If you are now or have ever been a pedestrian, this has happened to you: You’re walking. You stop at an intersection to wait for a break in traffic. Cars are coming and going. You observe, “It’s cool that they’re all taking the ‘20 Is Plenty’ yard signs seriously.” As the last car in the line approaches, it slows. It stops. You look around. Are they picking up a rideshare client? Is there a child capering dangerously nearby? NO. They’re doing the little half-hand wave like the fucking Queen of England. This magnanimous regent of the road has deigned to upend the rules of ordinary traffic flow and give you the inappropriate right-of-way!

In Portland I encounter the inappropriate right-of-way DAILY. At lunch there was an Acura covered in mountain bikes that STOPPED at a GREEN LIGHT, waiting for me to jaywalk. I offered a gamut of incredulous expressions before I just gave up and looked at my phone. They left at some point. I’m still standing at that street corner because I’m afraid of getting run over.

You see, in a situation such as this, as soon as you begin to cross the road, the car in question—this half rebel/half regent—will start easing into the intersection. They wanted to give you the road, but they didn’t think it would TAKE SO LONG. You stop. They wave again. Their eyebrows form a severe “V.” You wiggle your fingers like, “You’re the big car that can do murder/manslaughter. Why don’t you go first?” And sure, that was the original idea. But I’m not trying to bruise the ego of a three-ton metal battering ram. Sometimes, at this juncture, they just go. OR THEY RAISE THEIR TINY ARMS IN CONSTERNATION AND ROAR “GO GO GO GO” like a small, red-faced king of the lizards.

So you step into the road. And they do a start-stop that sounds like a coach’s whistle farted. “I want to hug my family once more before I die!” you shout. “I don’t like your shoooes!” they scream back. As you parkour over their hood, flipping them off, a different car passes them on the left and creams you good.

The inappropriate right of way is an unusual traffic problem because it’s not rooted in impatience. It feels very Portland-specific—our city’s notorious flakiness and overwrought examination of social situations is on full display. (Guilty as charged!) Another contributing factor: Most of Portland has 200-square-foot blocks. This makes us a walkable city with lots of retail space, but also gives people more intersections to traverse. I feel bad for anyone trying to drive downtown at lunch, after work, or—the true gauntlet—around a sports game.

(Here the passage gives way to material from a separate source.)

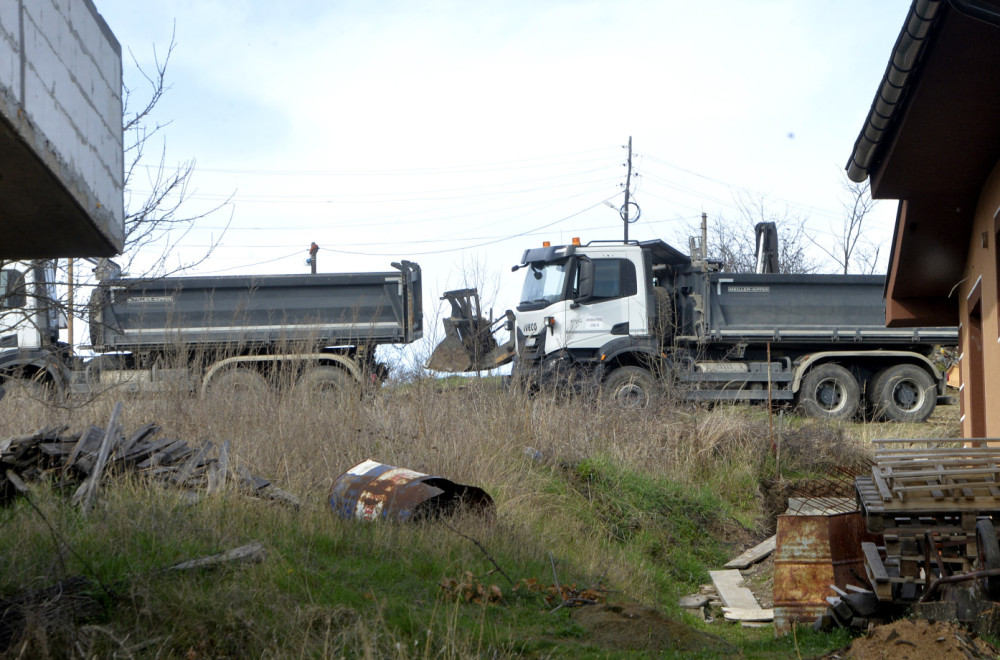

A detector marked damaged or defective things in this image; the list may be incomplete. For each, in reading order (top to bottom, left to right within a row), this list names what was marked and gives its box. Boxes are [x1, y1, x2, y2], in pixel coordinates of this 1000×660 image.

rusty barrel [330, 458, 494, 520]
rusty barrel [772, 510, 876, 636]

On one memorable occasion I was in a crosswalk, and a car screeched to a halt. “Make eye contact with me!” the driver shouted. “Sir, I am married,” I said, but he was right. Communication between cars and drivers is like a mini cotillion and as impossible as it feels to have 100 meet-cutes with drivers at intersections, the best approach is probably to calm down and communicate. But cars—oh my god—just go already!